ACTIVITY: Count every line below containing "there"; state the number only.

(Saved entries)
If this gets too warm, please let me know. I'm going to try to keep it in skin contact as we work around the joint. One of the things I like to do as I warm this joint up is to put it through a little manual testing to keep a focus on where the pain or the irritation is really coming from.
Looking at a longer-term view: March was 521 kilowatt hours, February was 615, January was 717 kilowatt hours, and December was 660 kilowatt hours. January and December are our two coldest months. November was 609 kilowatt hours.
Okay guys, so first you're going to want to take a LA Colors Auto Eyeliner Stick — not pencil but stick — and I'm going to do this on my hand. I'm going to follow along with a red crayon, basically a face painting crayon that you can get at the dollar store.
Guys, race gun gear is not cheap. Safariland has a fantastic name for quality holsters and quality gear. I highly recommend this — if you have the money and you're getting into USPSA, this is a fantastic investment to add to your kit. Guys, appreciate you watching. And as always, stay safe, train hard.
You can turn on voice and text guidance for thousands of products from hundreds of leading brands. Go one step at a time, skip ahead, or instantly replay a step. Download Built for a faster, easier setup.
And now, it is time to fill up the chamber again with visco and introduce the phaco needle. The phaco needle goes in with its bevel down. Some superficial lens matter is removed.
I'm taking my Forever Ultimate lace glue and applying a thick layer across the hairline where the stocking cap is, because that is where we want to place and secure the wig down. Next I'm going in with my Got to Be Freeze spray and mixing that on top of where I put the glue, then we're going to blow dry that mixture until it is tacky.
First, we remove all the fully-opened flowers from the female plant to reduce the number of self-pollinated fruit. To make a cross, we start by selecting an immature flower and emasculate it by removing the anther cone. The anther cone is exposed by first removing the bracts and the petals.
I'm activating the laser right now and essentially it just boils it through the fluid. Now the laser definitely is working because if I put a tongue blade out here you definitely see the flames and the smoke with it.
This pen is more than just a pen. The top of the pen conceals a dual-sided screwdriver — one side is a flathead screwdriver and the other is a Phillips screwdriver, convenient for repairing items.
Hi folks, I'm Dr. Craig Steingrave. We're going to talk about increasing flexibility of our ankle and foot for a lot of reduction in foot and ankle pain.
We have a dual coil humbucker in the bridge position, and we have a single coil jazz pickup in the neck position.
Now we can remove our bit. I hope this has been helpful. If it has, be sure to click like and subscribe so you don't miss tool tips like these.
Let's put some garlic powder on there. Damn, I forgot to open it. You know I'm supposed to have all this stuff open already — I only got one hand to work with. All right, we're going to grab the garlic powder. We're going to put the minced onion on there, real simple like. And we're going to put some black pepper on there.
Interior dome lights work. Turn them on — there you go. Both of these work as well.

SOLUTION: 2